Picabar is a small bar located in Northbridge, Western Australia, within the Perth Cultural Centre. It is situated within the old Perth Boys School building, part of the Perth Central School complex in the early 1900s, adjacent to the Perth Institute of Contemporary Arts (PICA) for which the bar is named.

Picabar is the family business of brothers Brian and Conor Buckley, and Brian's wife Melissa Bowen. , it employed 15 people. The bar features an outdoor courtyard with access from the Cultural Centre, near the steps and plaza, as well as outdoor tables along the edge of the cultural centre.

Picabar opened in 2012 in a disused space that had been boarded up for 12 years. The bar owners subleased the space from PICA with a six-month lease, and an option for a longer, ten-year term subject to PICA's lease from the state government being renewed. PICA's lease was not renewed, and both PICA and Picabar then ended up operating on month-to-month leases. Picabar's owners later stated that they were given assurances there would eventually be a long-term arrangement, a claim denied by the Department of Local Government, Sport and Cultural Industries' director general Duncan Ord. 

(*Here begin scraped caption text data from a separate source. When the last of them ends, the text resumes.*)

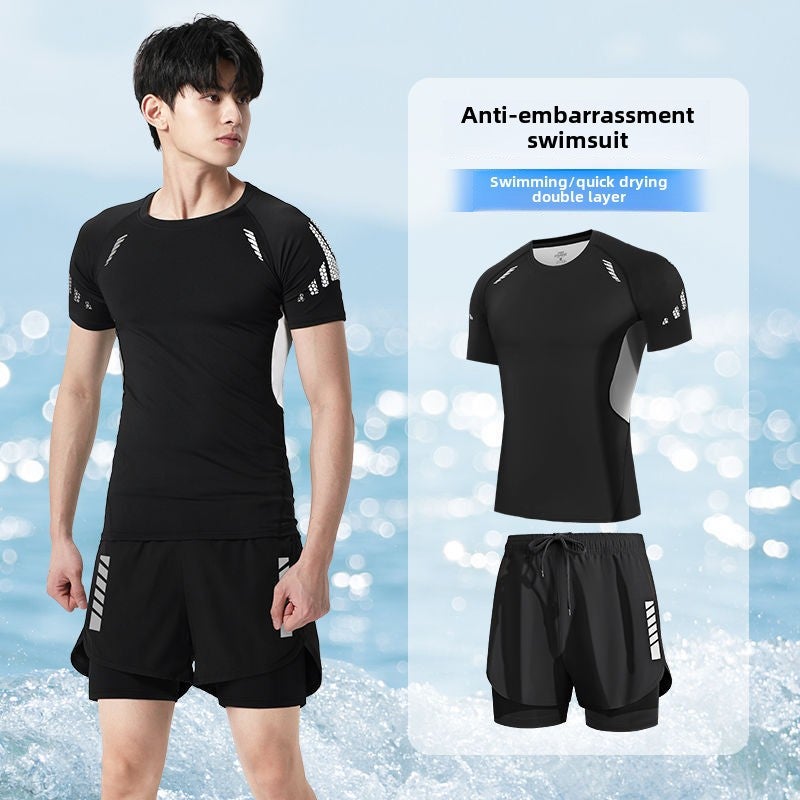 Generic Mens Plus Size Swimwear Set 2024 New Professional 520 black gray men's swimsuit 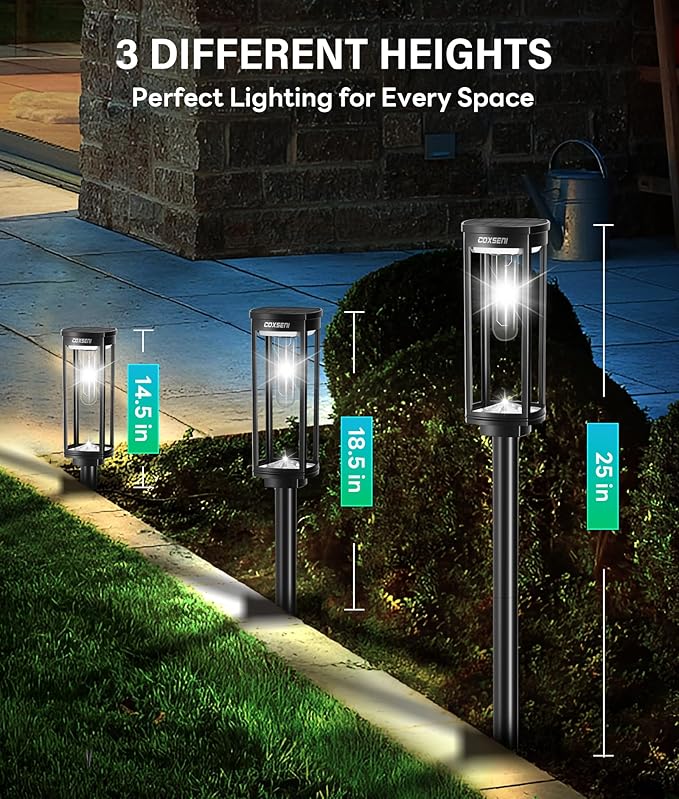 Solar Pathway Lights Outdoor 6 Pack, Bright Solar Path Lights Outside Waterproof, Solar Powered Landscape Light for Walkway Driveway Lawn Patio Sidewalk Garden Yard, Cool White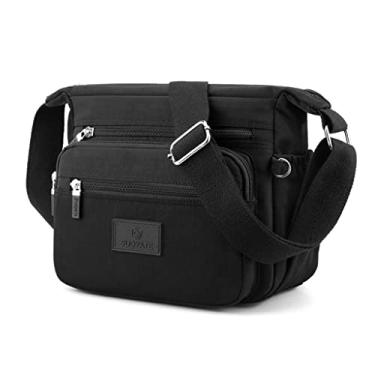 Imagem de Bolsa transversal feminina, bolsa leve para uso diário, bolsa de ombro de nylon impermeável de moda Preto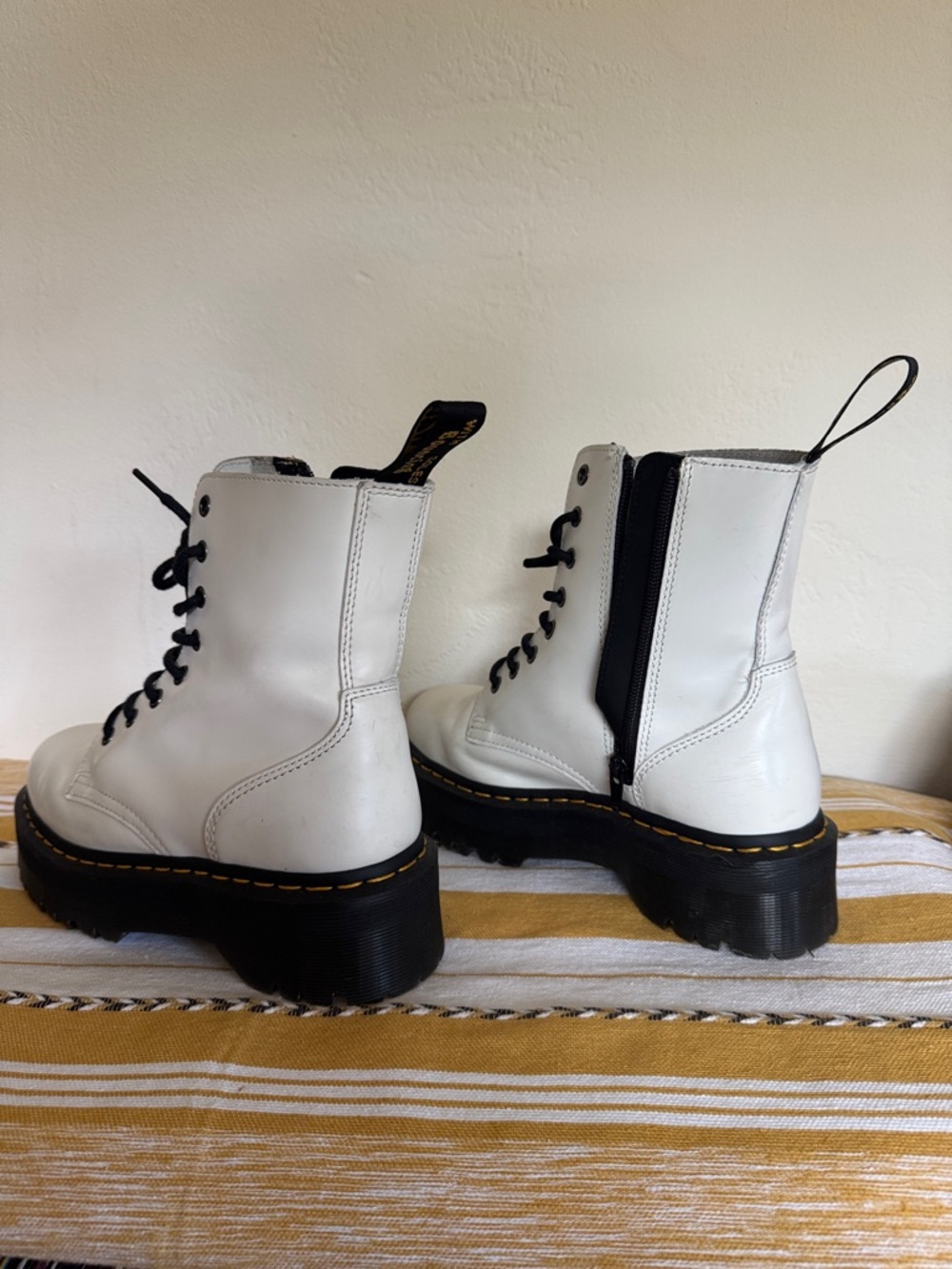 Dr. Martens White Platform Combat Boots with Black Laces - Picture 2 of 4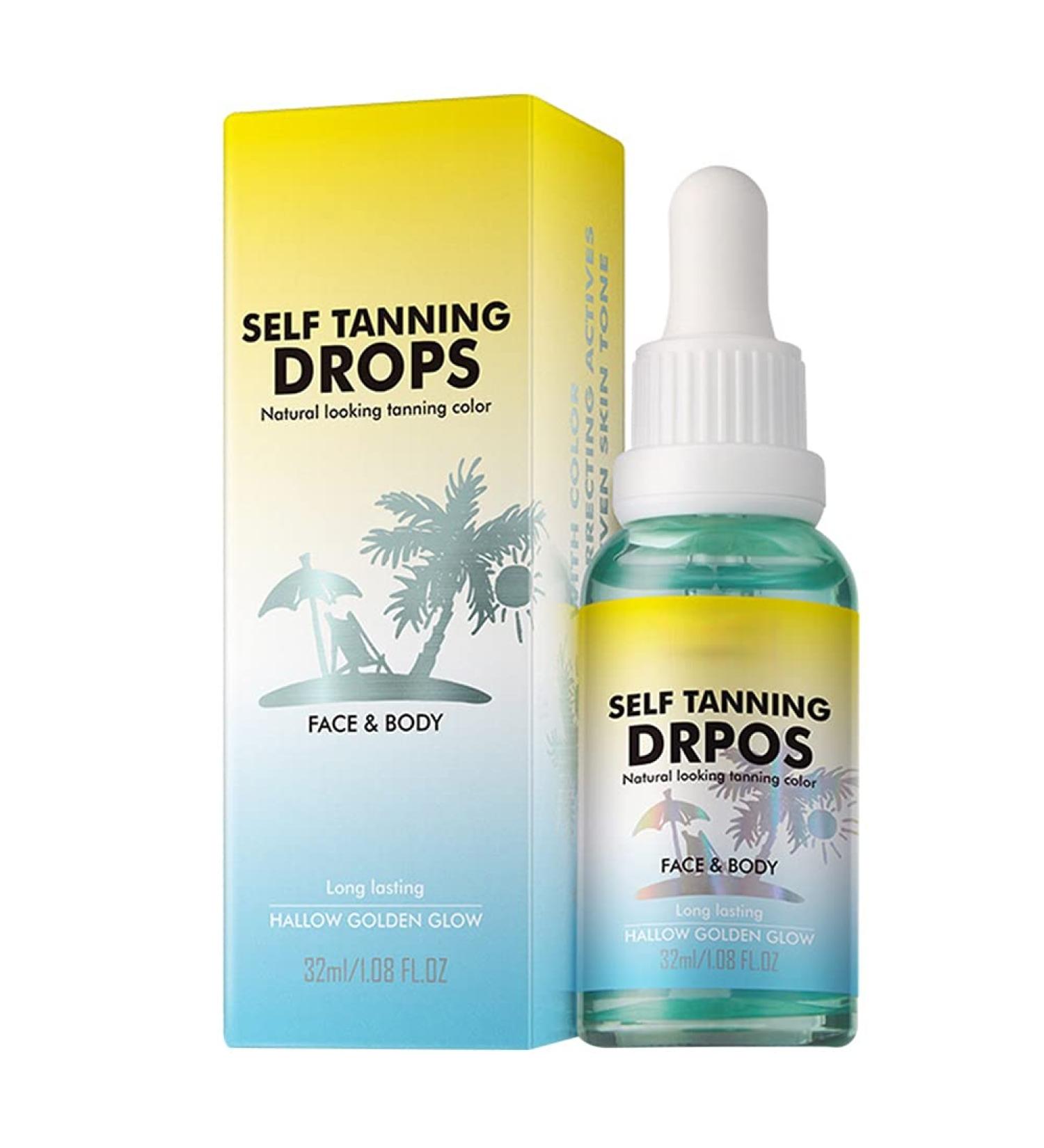 32ml Self Tanning Drops Professional Self Tanner for Face and Body Medium Tanning Cream for a Natural Look Beautiful Black Essence - Buy Online on GoSupps.com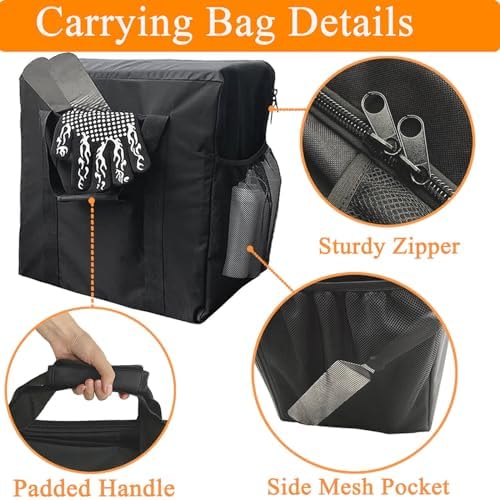 Griddle Cover and Carry Bag Compatible with Blackstone 17 Inch Griddle, Water Resistant 600D Polyester Heavy Duty Flat top 17" Gas Grill BBQ Cover Accessory Fits 17" Griddle Cooking Station with Hood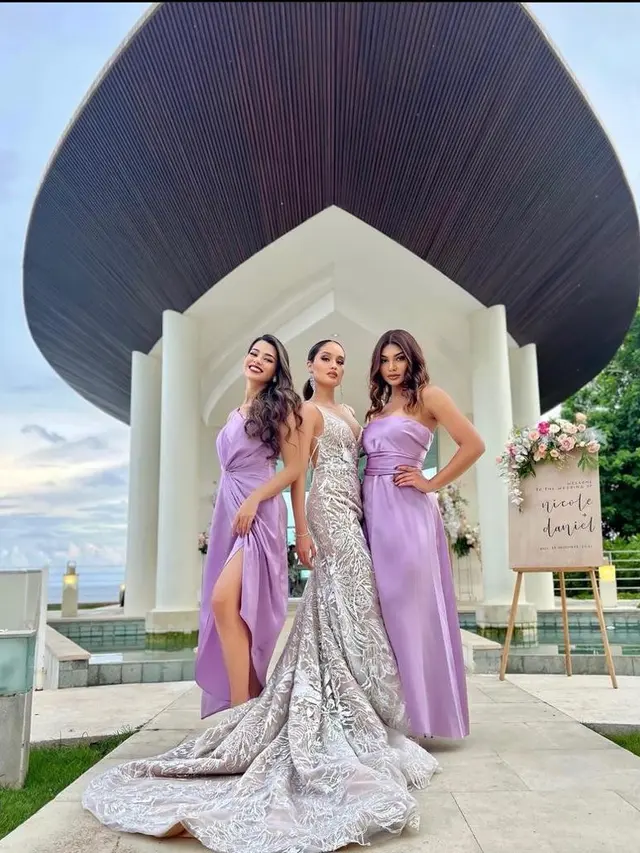 8 Pesona Cinta Laura Pakai Gaun Pengantin, Pose Bareng Bridesmaid Susan Sameh dan Jihane Almira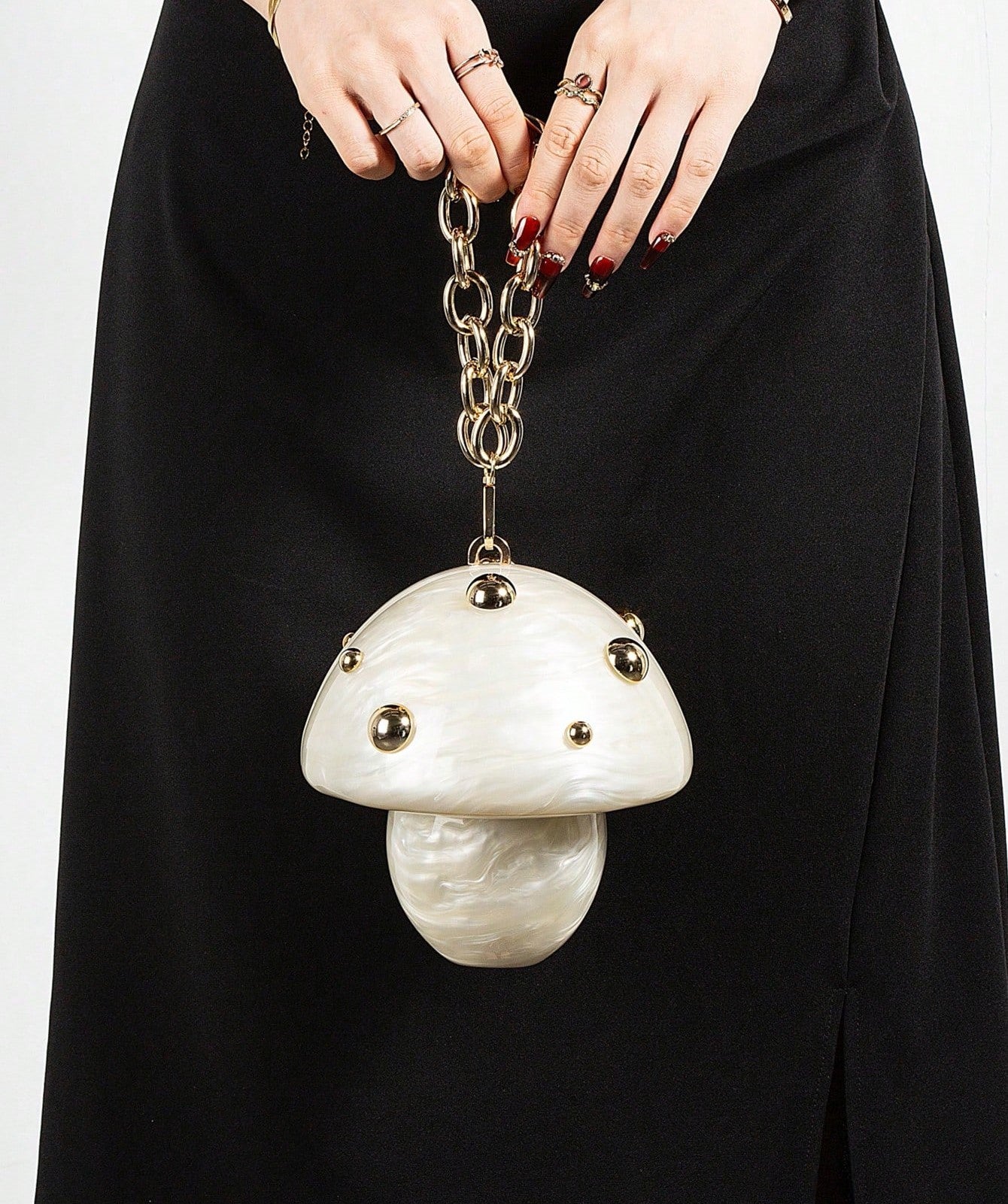 Pearl Mushroom Mini Statement Bag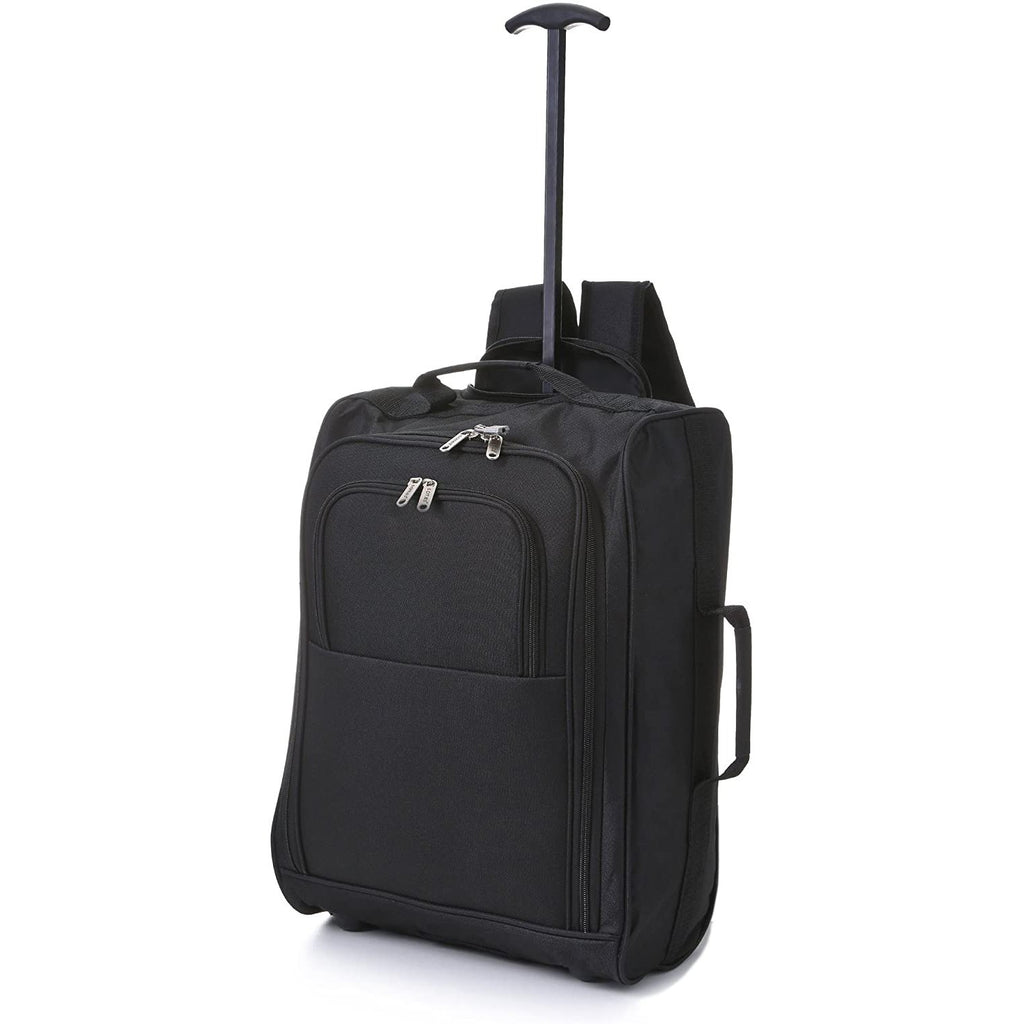 5 Cities Lightweight Hand Luggage Travel Holdall Baggage Wheely Suitcase Cabin Approved Bag Black (Backpack Version)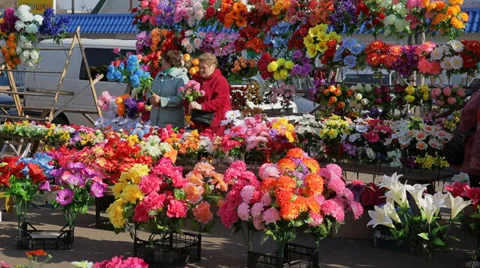 Market artificial flowers Stock Footage 37263894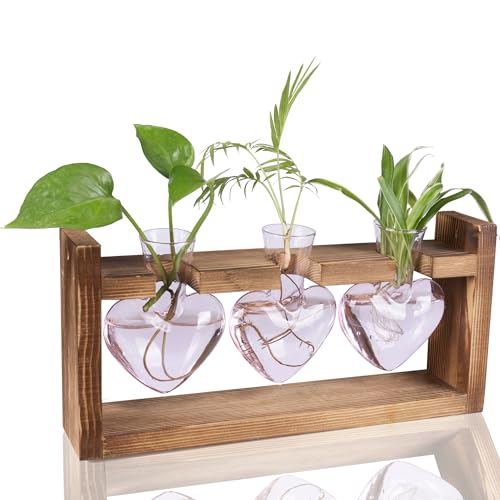 Kingbuy 3-Heart Plant Terrarium Kit with Vintage Wood Stand - Stained Glass Vase Propagation Station, Wall-Mounted & Tabletop Indoor Decor for Home Kitchen Wedding Gift, Light Pink - color: Light Pink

In October 2018, ownership of the precinct was transferred from the government to the Perth Theatre Trust (PTT), which terminated PICA's lease, and hence Picabar's sub-lease, with three weeks notice. PICA was to be given a new sublease from the PTT, excluding the bar area, which was to be opened up to an expression of interest process. By early November, the government gave Picabar a temporary reprieve until March 2019, and Culture and Arts minister David Templeman intervened to ensure Picabar's owners would be given the first preference in negotiations.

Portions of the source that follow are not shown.